Problem statement
Return, in their exact form, the lines that lie between the start of the data below and the line containing "一代传奇落幕巴西女排天才接应谢拉宣布退役曾是中国女排最大敌人", with both ends included.

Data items
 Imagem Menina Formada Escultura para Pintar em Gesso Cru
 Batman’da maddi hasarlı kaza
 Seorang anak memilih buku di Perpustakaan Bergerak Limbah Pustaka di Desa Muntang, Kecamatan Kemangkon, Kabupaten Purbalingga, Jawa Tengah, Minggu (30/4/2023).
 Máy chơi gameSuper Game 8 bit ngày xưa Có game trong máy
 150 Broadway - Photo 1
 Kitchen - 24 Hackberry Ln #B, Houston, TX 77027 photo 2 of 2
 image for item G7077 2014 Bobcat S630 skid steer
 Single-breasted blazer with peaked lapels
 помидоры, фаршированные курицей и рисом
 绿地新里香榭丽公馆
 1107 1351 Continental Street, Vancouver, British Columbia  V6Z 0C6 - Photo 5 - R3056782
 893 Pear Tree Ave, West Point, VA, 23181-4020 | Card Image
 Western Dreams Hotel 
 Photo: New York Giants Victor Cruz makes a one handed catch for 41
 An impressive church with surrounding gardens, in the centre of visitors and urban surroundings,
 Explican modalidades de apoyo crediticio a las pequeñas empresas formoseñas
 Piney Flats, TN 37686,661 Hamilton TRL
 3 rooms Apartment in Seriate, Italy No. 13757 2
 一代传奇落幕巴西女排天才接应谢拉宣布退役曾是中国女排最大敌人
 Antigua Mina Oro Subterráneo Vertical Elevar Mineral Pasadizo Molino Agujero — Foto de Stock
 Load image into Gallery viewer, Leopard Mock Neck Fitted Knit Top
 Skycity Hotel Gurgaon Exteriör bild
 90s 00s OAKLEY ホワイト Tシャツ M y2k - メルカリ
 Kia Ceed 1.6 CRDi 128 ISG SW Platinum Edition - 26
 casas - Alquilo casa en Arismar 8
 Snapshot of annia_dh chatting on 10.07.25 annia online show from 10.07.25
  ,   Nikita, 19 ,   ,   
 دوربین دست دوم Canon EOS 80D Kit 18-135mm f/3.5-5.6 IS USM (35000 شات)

Solved exercise
 Imagem Menina Formada Escultura para Pintar em Gesso Cru
 Batman’da maddi hasarlı kaza
 Seorang anak memilih buku di Perpustakaan Bergerak Limbah Pustaka di Desa Muntang, Kecamatan Kemangkon, Kabupaten Purbalingga, Jawa Tengah, Minggu (30/4/2023).
 Máy chơi gameSuper Game 8 bit ngày xưa Có game trong máy
 150 Broadway - Photo 1
 Kitchen - 24 Hackberry Ln #B, Houston, TX 77027 photo 2 of 2
 image for item G7077 2014 Bobcat S630 skid steer
 Single-breasted blazer with peaked lapels
 помидоры, фаршированные курицей и рисом
 绿地新里香榭丽公馆
 1107 1351 Continental Street, Vancouver, British Columbia  V6Z 0C6 - Photo 5 - R3056782
 893 Pear Tree Ave, West Point, VA, 23181-4020 | Card Image
 Western Dreams Hotel 
 Photo: New York Giants Victor Cruz makes a one handed catch for 41
 An impressive church with surrounding gardens, in the centre of visitors and urban surroundings,
 Explican modalidades de apoyo crediticio a las pequeñas empresas formoseñas
 Piney Flats, TN 37686,661 Hamilton TRL
 3 rooms Apartment in Seriate, Italy No. 13757 2
 一代传奇落幕巴西女排天才接应谢拉宣布退役曾是中国女排最大敌人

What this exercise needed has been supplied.